28 April 2021

Racing toward a climate neutral Europe

Interview with Giorgia Rambelli, ICLEI Europe Coordinator, Climate Policy and Energy Governance

In the lead up to COP26, and with the European Green Deal’s ambitious target of reaching ‘climate neutrality’ by 2050 on the table, local leaders are gearing up to take bold climate action, with the support and guidance of a number of European and global initiatives.

Two such opportunities for local and regional leaders are the Race-to-Zero (RtZ) campaign, and a Covenant of Mayors initiative to encourage current and new signatories to Re-CoMmit with a view to be climate neutral by 2050. ICLEI supports both of these efforts, and has recently launched the ICLEI Climate Neutrality Framework – a methodology to support cities and regions on the path to net zero emissions and climate resilience.

How can leaders navigate these options?

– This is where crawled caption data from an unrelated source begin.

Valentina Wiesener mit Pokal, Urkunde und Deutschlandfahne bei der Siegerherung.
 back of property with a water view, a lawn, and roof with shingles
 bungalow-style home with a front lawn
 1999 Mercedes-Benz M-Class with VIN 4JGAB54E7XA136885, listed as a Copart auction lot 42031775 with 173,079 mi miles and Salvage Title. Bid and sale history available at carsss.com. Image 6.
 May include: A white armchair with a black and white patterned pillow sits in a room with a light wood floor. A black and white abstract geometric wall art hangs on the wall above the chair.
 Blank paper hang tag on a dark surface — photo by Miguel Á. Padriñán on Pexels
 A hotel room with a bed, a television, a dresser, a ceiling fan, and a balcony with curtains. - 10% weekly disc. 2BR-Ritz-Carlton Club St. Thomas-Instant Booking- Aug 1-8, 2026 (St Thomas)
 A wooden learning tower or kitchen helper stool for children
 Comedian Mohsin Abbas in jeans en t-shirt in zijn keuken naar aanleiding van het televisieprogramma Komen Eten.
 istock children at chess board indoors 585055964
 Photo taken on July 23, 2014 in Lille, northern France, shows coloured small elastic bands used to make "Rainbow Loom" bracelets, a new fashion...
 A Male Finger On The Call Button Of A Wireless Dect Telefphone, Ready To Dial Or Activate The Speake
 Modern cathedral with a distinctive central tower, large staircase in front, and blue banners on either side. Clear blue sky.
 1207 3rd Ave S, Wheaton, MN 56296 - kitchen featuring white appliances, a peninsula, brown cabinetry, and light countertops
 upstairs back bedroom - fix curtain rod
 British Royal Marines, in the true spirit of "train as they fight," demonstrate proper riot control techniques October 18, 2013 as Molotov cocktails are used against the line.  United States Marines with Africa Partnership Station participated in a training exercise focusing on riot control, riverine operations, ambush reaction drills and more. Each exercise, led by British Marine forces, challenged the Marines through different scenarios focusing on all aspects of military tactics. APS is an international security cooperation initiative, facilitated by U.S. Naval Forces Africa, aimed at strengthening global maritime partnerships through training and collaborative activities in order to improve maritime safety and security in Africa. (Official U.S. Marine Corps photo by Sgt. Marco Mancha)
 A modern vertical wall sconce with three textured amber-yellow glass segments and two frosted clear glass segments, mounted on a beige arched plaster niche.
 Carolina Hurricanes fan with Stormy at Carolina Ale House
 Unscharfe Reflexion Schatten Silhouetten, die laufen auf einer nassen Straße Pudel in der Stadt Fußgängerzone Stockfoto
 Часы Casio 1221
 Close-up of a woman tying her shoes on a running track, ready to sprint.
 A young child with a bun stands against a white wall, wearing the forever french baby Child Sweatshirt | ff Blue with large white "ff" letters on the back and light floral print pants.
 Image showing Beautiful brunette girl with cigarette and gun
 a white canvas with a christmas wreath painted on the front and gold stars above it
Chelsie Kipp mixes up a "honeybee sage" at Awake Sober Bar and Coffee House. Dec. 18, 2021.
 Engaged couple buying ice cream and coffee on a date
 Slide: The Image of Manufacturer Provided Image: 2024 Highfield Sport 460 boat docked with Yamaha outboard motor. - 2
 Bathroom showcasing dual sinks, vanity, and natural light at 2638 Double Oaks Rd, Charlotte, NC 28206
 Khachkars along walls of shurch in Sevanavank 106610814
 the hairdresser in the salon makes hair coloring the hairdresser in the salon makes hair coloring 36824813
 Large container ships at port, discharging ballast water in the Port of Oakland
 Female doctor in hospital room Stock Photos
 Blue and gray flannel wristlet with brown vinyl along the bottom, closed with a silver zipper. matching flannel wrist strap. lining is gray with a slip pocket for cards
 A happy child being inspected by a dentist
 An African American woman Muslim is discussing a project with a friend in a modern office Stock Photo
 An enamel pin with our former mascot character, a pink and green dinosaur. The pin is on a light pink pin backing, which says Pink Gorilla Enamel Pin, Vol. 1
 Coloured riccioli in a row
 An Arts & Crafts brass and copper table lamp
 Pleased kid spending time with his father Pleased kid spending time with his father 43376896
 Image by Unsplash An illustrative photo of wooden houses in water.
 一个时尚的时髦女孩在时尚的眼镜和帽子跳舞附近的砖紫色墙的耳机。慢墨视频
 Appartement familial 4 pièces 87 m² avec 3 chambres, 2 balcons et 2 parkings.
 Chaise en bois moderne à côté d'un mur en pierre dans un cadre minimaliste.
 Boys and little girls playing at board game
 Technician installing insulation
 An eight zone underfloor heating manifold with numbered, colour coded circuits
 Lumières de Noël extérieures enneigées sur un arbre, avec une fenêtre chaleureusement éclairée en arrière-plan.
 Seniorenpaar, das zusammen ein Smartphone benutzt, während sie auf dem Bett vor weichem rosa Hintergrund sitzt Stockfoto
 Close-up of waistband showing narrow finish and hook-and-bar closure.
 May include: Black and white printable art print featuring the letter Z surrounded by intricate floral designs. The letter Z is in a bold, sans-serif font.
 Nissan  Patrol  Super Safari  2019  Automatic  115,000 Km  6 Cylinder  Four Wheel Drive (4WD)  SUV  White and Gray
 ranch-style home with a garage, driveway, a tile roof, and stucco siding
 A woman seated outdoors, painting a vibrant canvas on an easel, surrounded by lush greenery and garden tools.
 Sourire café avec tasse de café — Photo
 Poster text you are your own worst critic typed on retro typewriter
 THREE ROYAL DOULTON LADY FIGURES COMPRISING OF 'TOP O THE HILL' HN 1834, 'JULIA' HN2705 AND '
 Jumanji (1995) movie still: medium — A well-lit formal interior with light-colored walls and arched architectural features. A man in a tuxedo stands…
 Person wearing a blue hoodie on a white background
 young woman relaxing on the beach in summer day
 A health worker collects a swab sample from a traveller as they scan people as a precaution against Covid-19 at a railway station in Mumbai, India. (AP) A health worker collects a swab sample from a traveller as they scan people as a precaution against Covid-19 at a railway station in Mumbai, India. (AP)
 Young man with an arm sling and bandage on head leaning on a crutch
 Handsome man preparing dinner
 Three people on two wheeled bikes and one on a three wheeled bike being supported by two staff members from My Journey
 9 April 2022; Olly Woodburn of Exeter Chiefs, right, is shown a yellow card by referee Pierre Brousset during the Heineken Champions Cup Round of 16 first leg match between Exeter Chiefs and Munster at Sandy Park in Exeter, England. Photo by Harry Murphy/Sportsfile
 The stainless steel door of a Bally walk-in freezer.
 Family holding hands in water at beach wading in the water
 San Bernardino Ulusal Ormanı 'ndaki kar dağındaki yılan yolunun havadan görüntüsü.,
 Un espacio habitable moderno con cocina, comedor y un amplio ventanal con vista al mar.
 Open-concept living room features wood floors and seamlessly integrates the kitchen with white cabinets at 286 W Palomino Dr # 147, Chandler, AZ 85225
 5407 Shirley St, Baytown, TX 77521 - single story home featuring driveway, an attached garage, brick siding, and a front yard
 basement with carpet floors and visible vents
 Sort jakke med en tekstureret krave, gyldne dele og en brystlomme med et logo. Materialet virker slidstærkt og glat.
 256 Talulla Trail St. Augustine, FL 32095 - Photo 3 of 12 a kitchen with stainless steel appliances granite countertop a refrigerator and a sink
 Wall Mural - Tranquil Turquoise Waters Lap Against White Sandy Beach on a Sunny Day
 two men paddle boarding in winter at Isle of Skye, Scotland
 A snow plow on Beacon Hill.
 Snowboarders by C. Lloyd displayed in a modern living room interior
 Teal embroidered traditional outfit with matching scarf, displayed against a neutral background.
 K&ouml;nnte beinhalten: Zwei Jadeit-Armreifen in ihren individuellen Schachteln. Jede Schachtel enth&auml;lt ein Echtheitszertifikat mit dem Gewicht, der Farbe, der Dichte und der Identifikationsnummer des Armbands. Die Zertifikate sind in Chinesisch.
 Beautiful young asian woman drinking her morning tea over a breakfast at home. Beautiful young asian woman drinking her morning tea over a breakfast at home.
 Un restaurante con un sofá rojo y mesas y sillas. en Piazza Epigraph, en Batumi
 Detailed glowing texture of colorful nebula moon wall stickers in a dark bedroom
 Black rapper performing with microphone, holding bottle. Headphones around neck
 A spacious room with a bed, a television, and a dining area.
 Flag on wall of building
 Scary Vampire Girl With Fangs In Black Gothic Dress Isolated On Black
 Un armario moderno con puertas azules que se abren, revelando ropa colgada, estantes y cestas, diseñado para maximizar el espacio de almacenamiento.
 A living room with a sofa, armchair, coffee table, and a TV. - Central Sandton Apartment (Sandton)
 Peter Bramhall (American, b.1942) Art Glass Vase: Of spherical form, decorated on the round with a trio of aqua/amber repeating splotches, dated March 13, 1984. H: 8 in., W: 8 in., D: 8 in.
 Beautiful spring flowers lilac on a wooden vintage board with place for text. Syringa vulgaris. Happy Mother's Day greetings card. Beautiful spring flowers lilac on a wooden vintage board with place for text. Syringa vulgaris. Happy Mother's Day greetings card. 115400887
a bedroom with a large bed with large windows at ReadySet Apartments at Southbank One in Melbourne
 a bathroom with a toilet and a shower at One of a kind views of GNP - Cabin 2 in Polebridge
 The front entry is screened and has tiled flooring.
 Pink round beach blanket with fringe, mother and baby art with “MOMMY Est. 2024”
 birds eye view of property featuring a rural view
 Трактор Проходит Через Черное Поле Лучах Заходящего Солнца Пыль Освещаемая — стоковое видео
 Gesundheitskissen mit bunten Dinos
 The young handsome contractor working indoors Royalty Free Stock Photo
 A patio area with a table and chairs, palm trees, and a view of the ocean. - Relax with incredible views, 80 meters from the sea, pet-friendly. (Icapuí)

Are they mutually exclusive, or complimentary?

Giorgia Rambelli, ICLEI Europe’s Coordinator, Climate Policy & Energy Governance, is closely involved in each of these opportunities, and has answered our questions, providing advice and clarity to local authorities looking for practical solutions to the climate emergency.

To begin, can you clarify what each of these opportunities are exactly?

The Covenant of Mayors – Europe (or ‘Covenant Europe’) is a movement of cities and towns committed to support Europe’s journey to climate neutrality. It is a long-lasting initiative – not a campaign – for which signatories commit to implementing ambitious Sustainable Energy and Climate Action Plans (SECAPs).

Original Covenant Europe commitments were initially made with targets to meet by 2020. In the past years local governments in Europe have been increasing their ambition in line with the EU policy targets for 2030, committing to reduce their emissions by 40% by 2030. Now, the Re-CoMit campaign supports existing and new signatories to now look further into the future. Specifically, signatory cities commit to reaching climate neutrality by 2050.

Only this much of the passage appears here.